WAFF 48 reported that Cheyenne’s mother, Jennifer, was filming her young daughters at the park on her phone when the incident occurred.
Numerous accounts indicated that Cheyenne and her three-year-old sister were watching the kangaroo from the other side of the fence when it stuck its head and arms through an opening in the enclosure, grabbing and apparently biting the youngster on her head.
Cheyenne reportedly was mimicking the animal before being dragged by it from her hair.
“I thought it was playing. I’m just glad it got me instead of my baby sister because it would’ve hurt her even worse,” Cheyenne White told ABC7.
The kangaroo is now under a 90-day observation at the order of state health authorities who are in the “process of limiting the chance this kangaroo will have accessibility to hurt or bite anyone else,” according to WAFF 48.
While the signage at the beginning of the trail advised visitors to enter at their own risk, under state law the enclosure had signs warning that the kangaroo bites. Additional barriers are now being constructed.
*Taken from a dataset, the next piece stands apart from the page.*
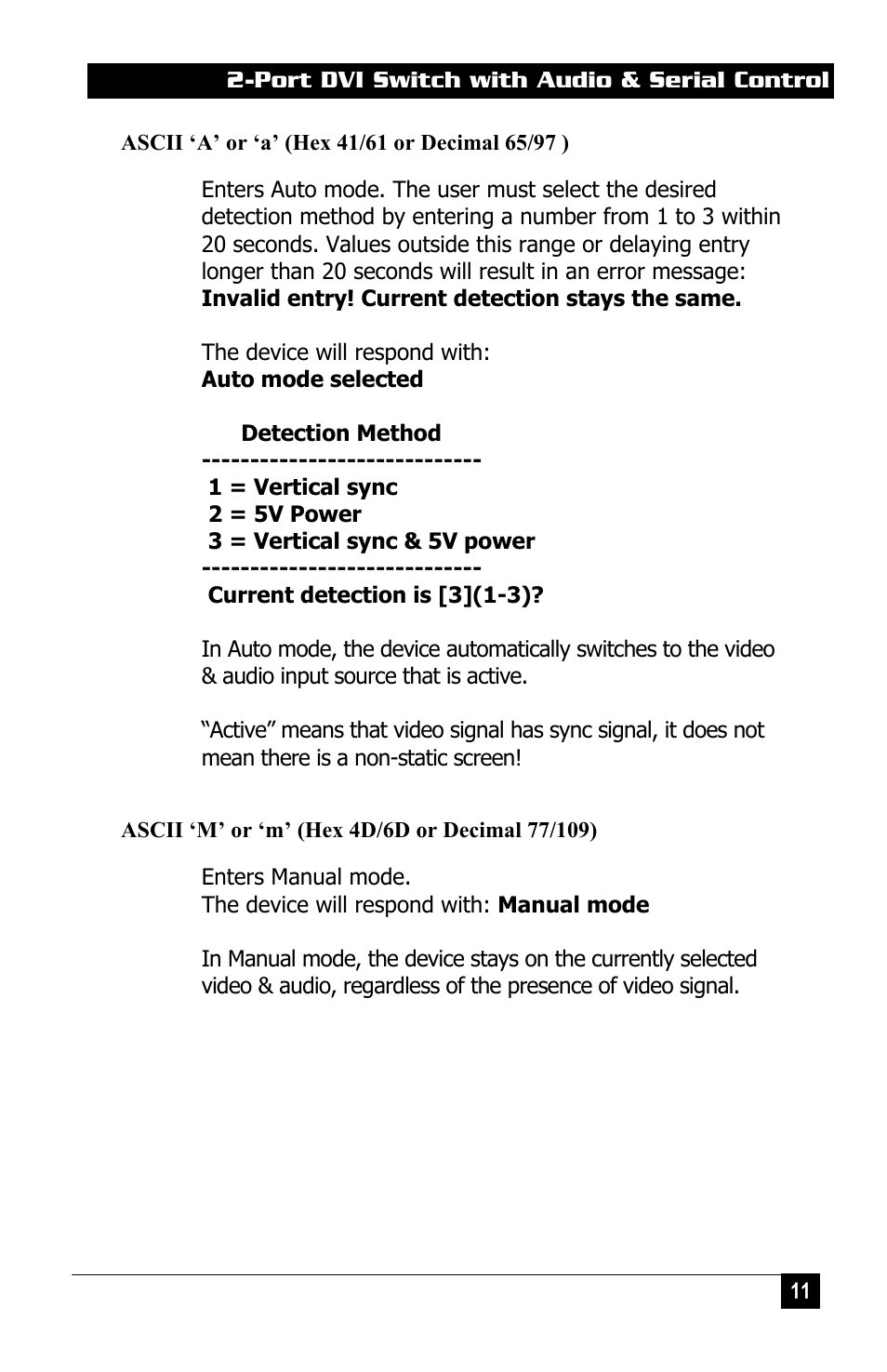 Hall Research DVS-2A User Manual | Page 13 / 20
The outlet confirmed that the kangaroo named Erwin, who has been at the wild animal park for nine years will remain at the park.
Lewis, an employee at the park has stated that the kangaroo was “real gentle.”
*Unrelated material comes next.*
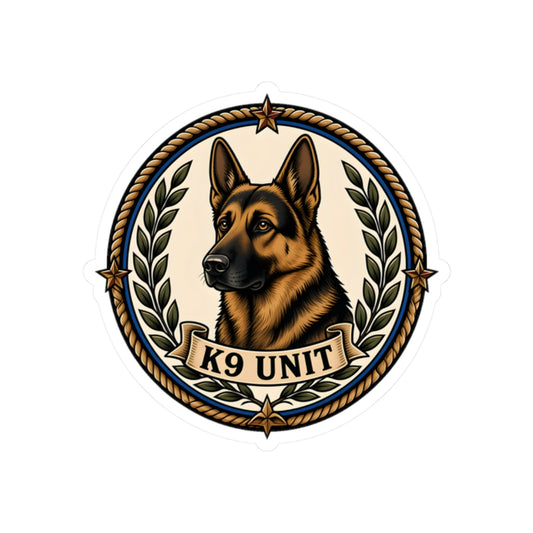 K9 Unit Police Kiss-Cut Sticker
“They are not predators by design, he said. “Any troubled animals, we don’t keep them.
Almost a year ago, a similar incident made headlines when a three-year-old boy climbed through the barrier and fell into a gorilla enclosure at the Cincinnati Zoo. Sadly, that resulted in Harambe, the 450lbs endangered Silverback Gorilla being shot to death for what some believe to be protecting the child from the screaming crowd above.
At the time, news outlets worldwide revealed other stories about dangerous encounters between children and animals held in captivity.
ABC News specifically pointed to a 1996 incident at an Illinois zoo in which a female gorilla held a young boy who fell nearly 20 feet into her enclosure, reporting that in this incident the gorilla was hailed as a hero and its life spared.
Zoo officials reportedly called the decision to kill Harambe a “tough choice.”
Ultimately, WAN and animal advocates everywhere, believe that these choices should never have to be made in the first place because wild animals should not be forced to live in confinement in an unnatural habitat such as a park or zoo solely for people’s entertainment.